== Segment start ==

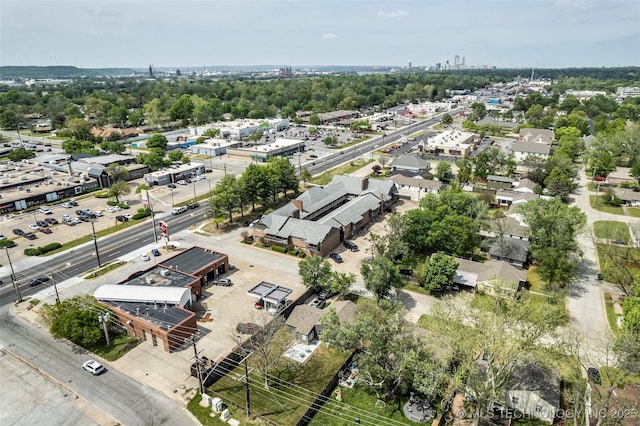 4517 S Peoria Ave Unit 31A, Tulsa, OK 74105 - bird's eye view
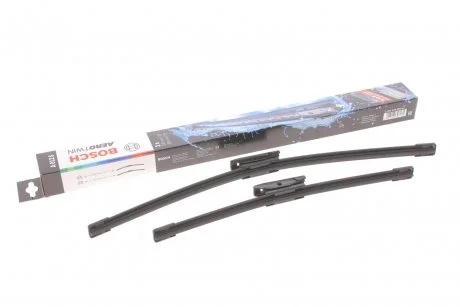 К-т склоочисника (500/360 мм)) AEROTWIN BOSCH 3397014095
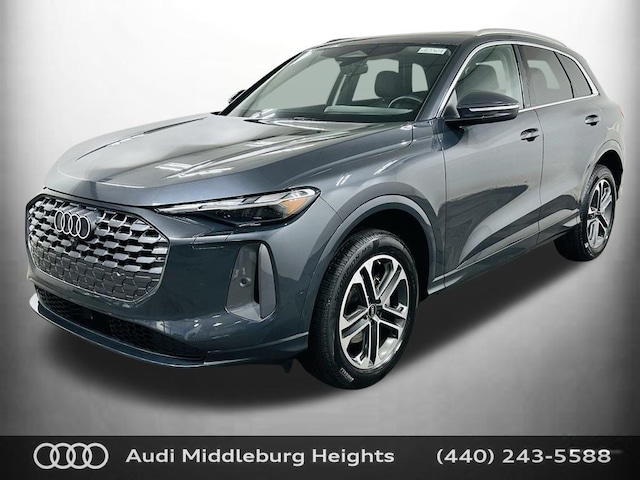 2025 Audi Q5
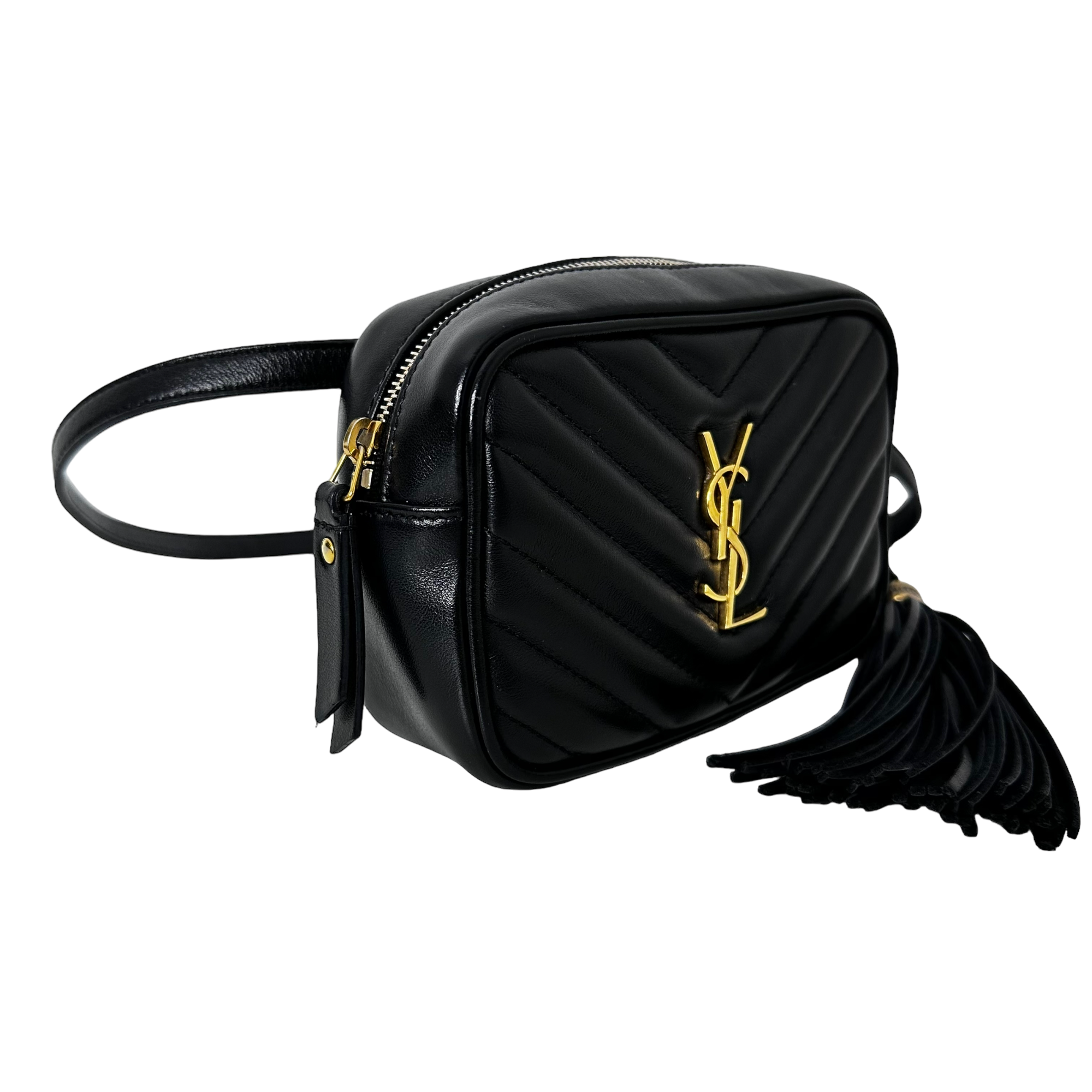 Matelasse Lou Belt Bag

== Segment end ==

Please repeat everything in the data above except the pictures, exactly as it reads.

Exercise response:
 4517 S Peoria Ave Unit 31A, Tulsa, OK 74105 - bird's eye view
 К-т склоочисника (500/360 мм)) AEROTWIN BOSCH 3397014095
 2025 Audi Q5
 Matelasse Lou Belt Bag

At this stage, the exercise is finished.